The latest foray into financial reform comes from the Senate. Senator Christopher Dodd will propose creating a single U.S. regulator that would strip the Federal Reserve and Federal Deposit Insurance Corp. of bank- supervision authority, according to a report from Bloomberg. Dodd, according to the Bloomberg report, has faulted the U.S. bank regulation system, saying “it encourages charter shopping and a ‘race to the bottom’ by agencies to win oversight roles.” Bloomberg notes that “his proposal goes further than proposals by President Barack Obama and House Financial Services Committee Chairman Barney Frank to merge the OTS and OCC.”
Certainly, almost anything is an improvement over the abomination that came out of Barney Frank’s committee. But we feel that the ‘race to the regulatory bottom’ could easily be solved via a simple mechanism: If you don’t fall in line with our regulatory requirements, you’re simply denied a banking license to operate in this country. Problem solved. The United States is the biggest banking market in the world. Do you think any major bank would willingly vacate this market?
And even if the “too big to fail” behemoths decided to transplant a bunch of their operations elsewhere, the country would still be left with thousands of community banks which could fill the void and better fulfill the public purpose described by Mr Blankfein: namely, to “help companies to grow by helping them to raise capital”, rather than extracting their pound of flesh via grotesquely high financial intermediary fees, as is the case today.
We have argued before on New Deal 2.0 that the FDIC is best suited to carry on the role of chief systemic regulator, given its role as deposit insurer. That regulator has the best institutional incentives to be concerned with systemic risk and to be a vigorous regulator. It should be the least subject to regulatory capture (a pervasive problem at the Fed, which is full of quant economists who have virtually no interaction with other Fed examiners).
But WHO controls the banks is ultimately less important than HOW we control the banks’ activities. Oversight is all very nice, but at times it pays to get back to first principles. What on earth is the public purpose of these things?

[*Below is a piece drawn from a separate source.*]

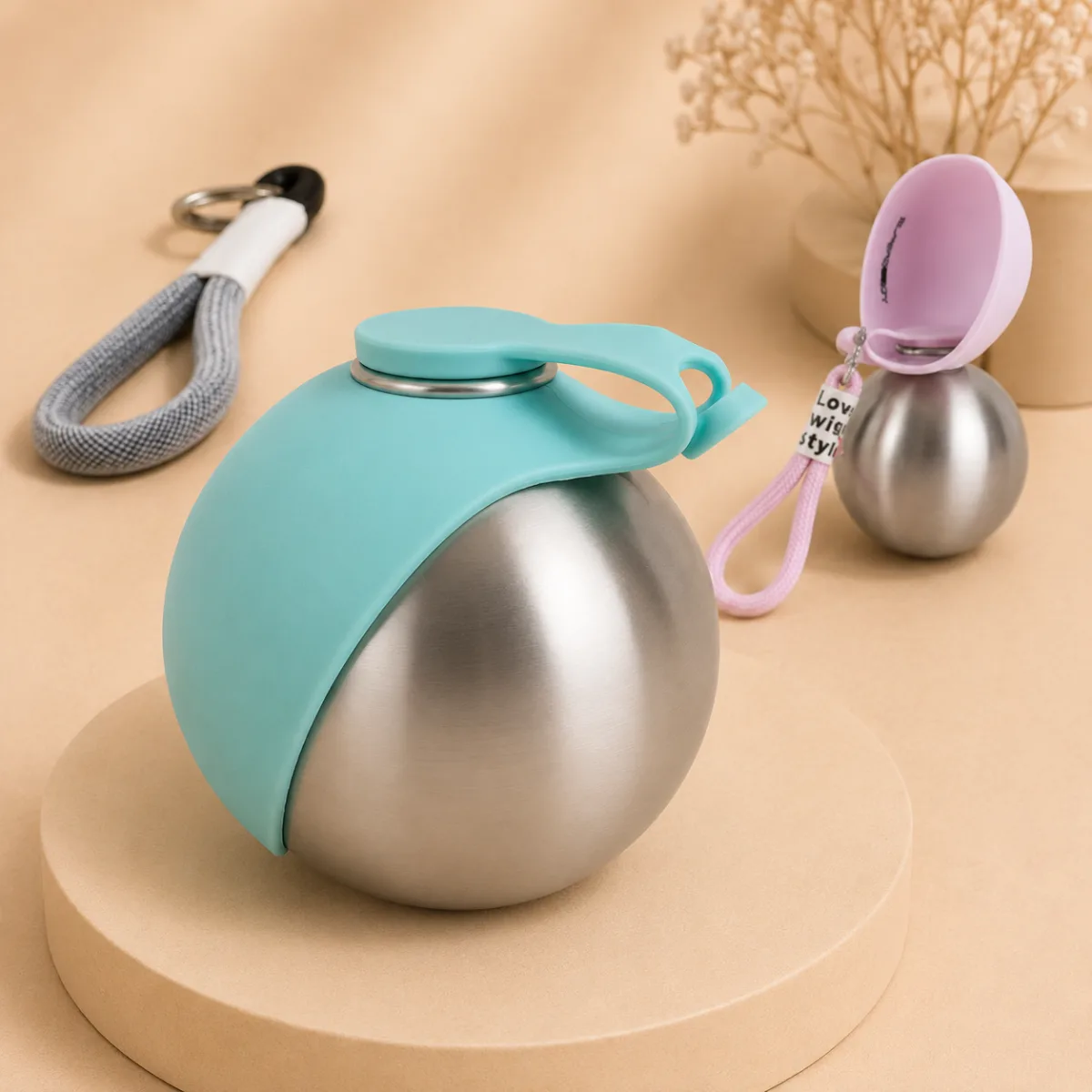 GUZZLE GLOBE. 2 in 1 Portable Dog Water Bottle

Banks are set up and supported by government for the further benefit of the macro economy via providing a payments system and lending in a way that is specifically defined by regulators. Newsflash: the public purpose of banking is NOT to provide profits per se to shareholders. Rather, the provision of the ability to earn profits is only a tool used to support the attendant public purpose. Banks should only be allowed to lend directly to borrowers, and then service and keep those loans on their own balance sheets. There is no further public purpose served by selling loans or other financial assets to third parties, but there are substantial real costs to government in regulating and supervising those activities. There are severe consequences for failure to adequately regulate and supervise those secondary market activities as well.
Banks should be prohibited from engaging in any secondary market activity because it serves no public purpose and may result in severe social costs in the case of regulatory and supervisory lapses. Some argue that these areas might be profitable for the banks, but this is not a reason to extend government sponsored enterprises into those areas. Therefore, banks should not be allowed to buy (or sell) credit default insurance. The public purpose of banking as a public/private partnership is to allow the private sector to price risk, rather than have the public sector pricing risk through publicly owned banks.

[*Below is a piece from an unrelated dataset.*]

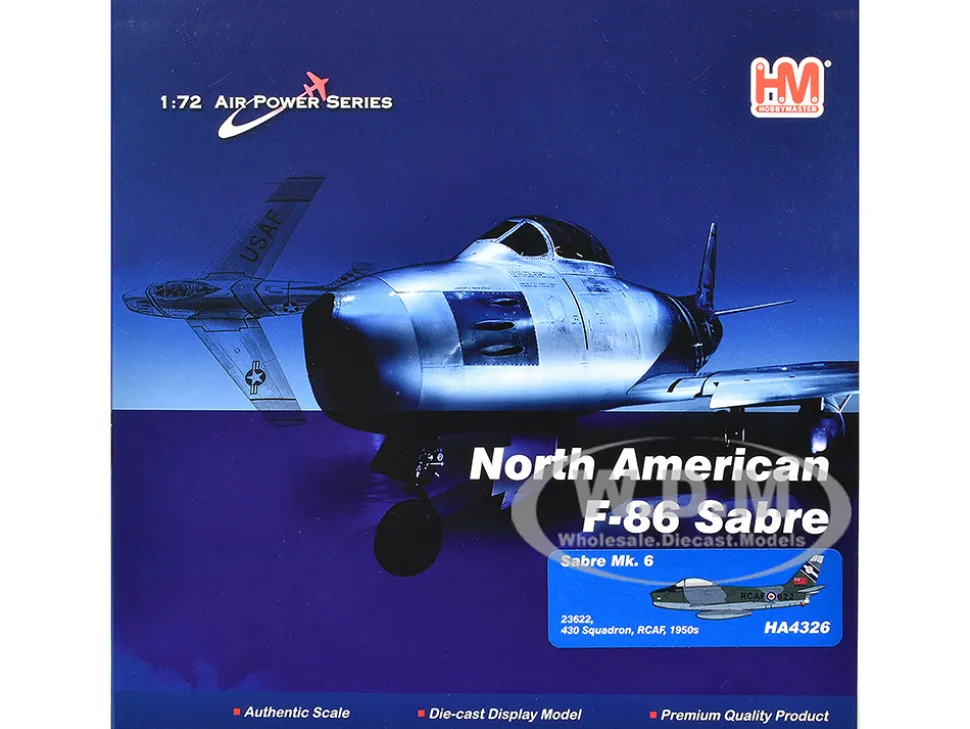Canadair Sabre Mk.6 Fighter Aircraft "23622, 430 Squadron" (1950s) Royal Canadian Air Force "Air Power Series" 1/72 Diecast Model by Hobby Master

If a bank instead relies on credit default insurance, then it is transferring that pricing of risk to a third party, which is counter to the public purpose of the current public/private banking system. Banks should not be allowed to engage in proprietary trading or any profit-making ventures beyond basic lending. If the public sector wants to venture out of banking for some presumed public purpose it can be done through other outlets.

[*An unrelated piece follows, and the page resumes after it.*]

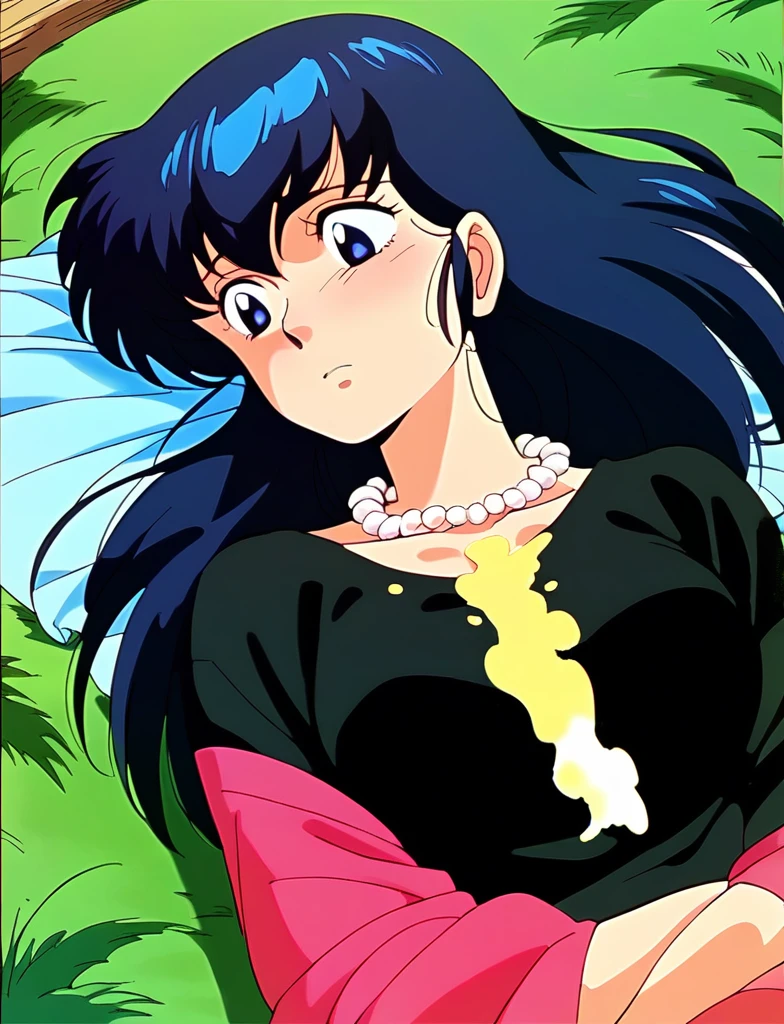 kyoko,score_9,score_8_upper,score_7_upper,sauce_アニメ,One girl,alone,View your viewers,soaked,downpour,in the forest,Black garter belt,Lying down,Sad face,:d,arms_behind_return,black mourning clothes、Pearl Necklace、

If the activities of the banks are not facilitating the production and movement of real goods and services what public purpose do they serve? It is clear they have made a small number of people fabulously wealthy. It is also clear that they have damaged the prospects for disadvantaged workers in many parts of the world.
It’s more obvious to all of us now that when the system comes unstuck through the complexity of these transactions and the impossibility of correctly pricing risk, the real economies across the globe suffer. The consequences have been devastating in terms of lost employment and income and lost wealth.
All governments should sign an agreement which would make all financial transactions that cannot be shown to facilitate funding for real goods and services illegal. Simple as that. When we keep these principles at the front of the argument, we can see that what Senator Dodd and Congressman Frank are arguing about is akin to how to rearrange the deck chairs on the Titanic.